Building an SRv6 uSID Data Center Fabric with SONiC
Simplicity always prevails.
SONiC has been building momentum the last few years and is becoming a viable option for networks beyond the initial Hyperscaler deployments. A major driver of that momentum is SONiC’s decoupled software architecture, which makes a break from traditional monolithic network operating systems. A SONiC router is fundamentally a Linux machine plus containerized components which make up the routing and/or switching application.
This decoupled architecture offers a power combination of operational simplicity (Linux!) and software and feature agility, which align very nicely with the goals of SRv6 and SRv6 Network Programming. SRv6 uSID gives us a very powerful tool to simplify networks as it operates natively over IPv6 and offers the ability to run a unified forwarding plane across network domains, while removing the expensive gateways performing encapsulation stitching at domain boundaries.
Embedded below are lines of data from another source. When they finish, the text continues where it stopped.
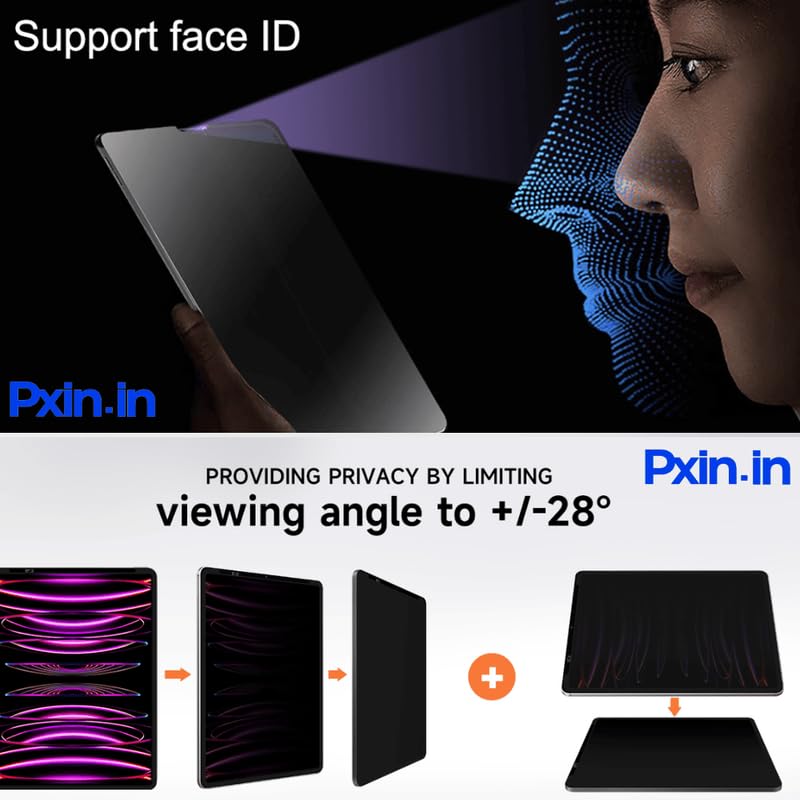 Image of PxIn Tablet Privacy Screen Guard compatible with i Pad (6th gen) 9.7 Inch | No.1 | Anti Glare | Anti Blue Light | Anti UV | 4 Way Privacy Filter | 360 Privacy | Eye Protect
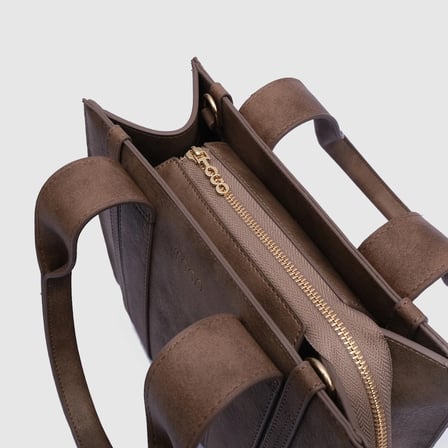 Kadın Vizon Sentetik Deri Casual Tote Çanta [TG930316]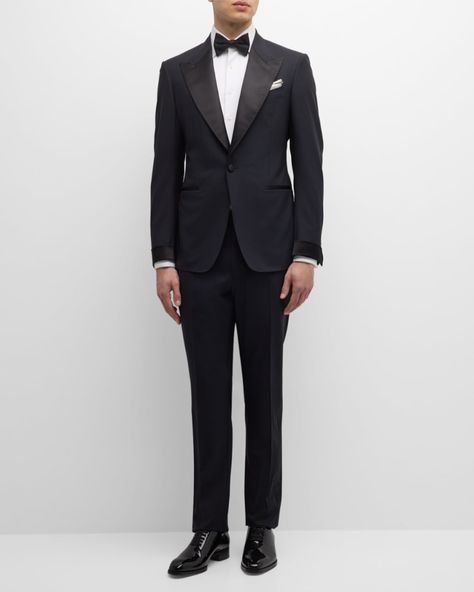 TOM FORD "Shelton" solid tuxedo with satin trim    Peak lapels    Singlebutton closure    Chest welt pocket    Jetted hip pockets    Side adjusters at waist    Flatfront trousers    Straight legs    Classic fit    Wool    Lining: Cotton/cupro    Made in Italy Tom Ford Mens Suits, Tuxedo Peak Lapel, Wedding Dresscode, Tom Ford Tuxedo, Peak Lapel Tuxedo, Men Tuxedo, Mens Tuxedo, Black Tie Tuxedo, Moss Wedding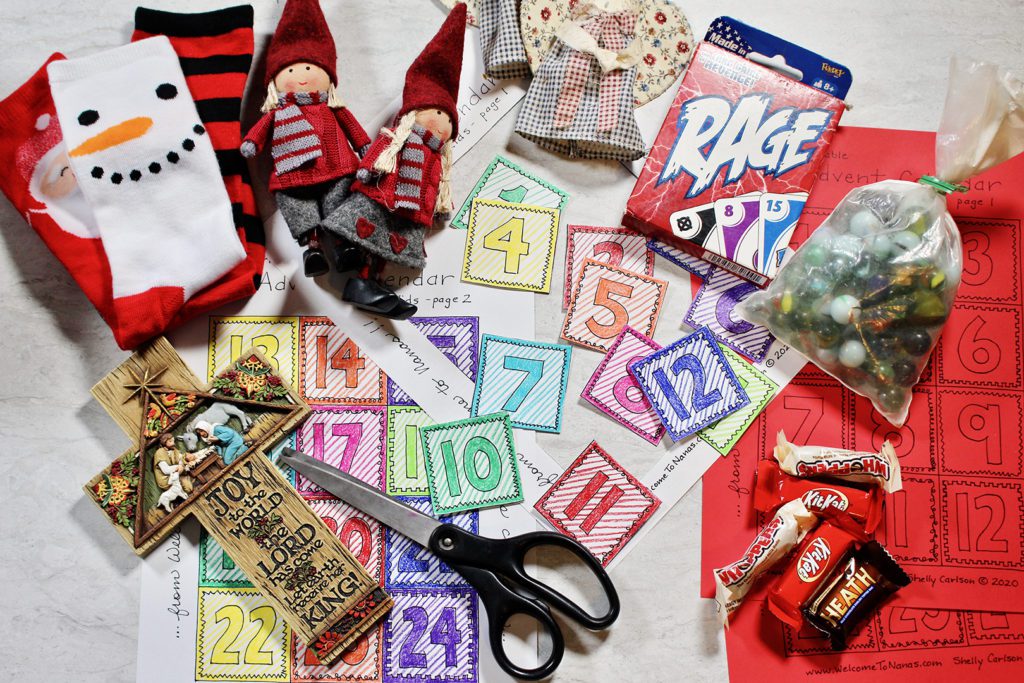 Advent calendar numbers with Christmas surprises, games, toys, marbles, candy, figurines, dolls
The SRv6 uSID solution outperforms the per-silo solutions. Over the last decade or so the networking industry has evolved an alphabet soup of different encapsulation types to perform different forwarding functions, such as VXLAN for overlays, NSH for service chaining, and MPLS for traffic engineering. This technology fragmentation leads to siloed operational environments and the need to invest in costly encap-stitching gateways. With SRv6 uSID we can unify all encapsulation services (Segmentation, Steering, Service Chain, etc.) under a common forwarding architecture which operates natively over IP. An IP-based Unified Forwarding Architecture that provides massive scale, operational simplicity, and is cost-effective as we eliminate expensive gateways and optimize functionality per MTU overhead.
uSID’s outperformance applies to the MPLS dataplane as well (e.g., hardware can push 3 times more uSIDs than MPLS labels; reduces the FIB entries and counters by 4 compared to MPLS; optimal load-balancing entropy). More info on SRv6 uSID scale compared to MPLS is available in the “Bell Canada: SRv6 uSID deployment” presentation at MPLS World Congress 2022 MPLS WC 2022 - Bell Canada: SRv6 uSID Deployment – Benefits of an SRv6 uSID Fabric.
A SONiC fabric running SRv6 uSID makes for a compelling combination and we along with several operators are making investments to bring it about. As part of that effort, I did some proof-of-concept testing of my own and this blog is a report of my experiences. I’ve also published instructions and configs here: srv6-labs/sonic-vs (github.com)
My goal with the POC was to demonstrate SRv6 uSID capability, and more importantly simplicity and useability, in a multi-tenant BGP-based data center fabric. The POC shows the potential to create and run highly automated plug-and-play fabrics that can be dropped in with minimal day-1 configurations and low operational footprint and can be traffic engineered for optimal utilization.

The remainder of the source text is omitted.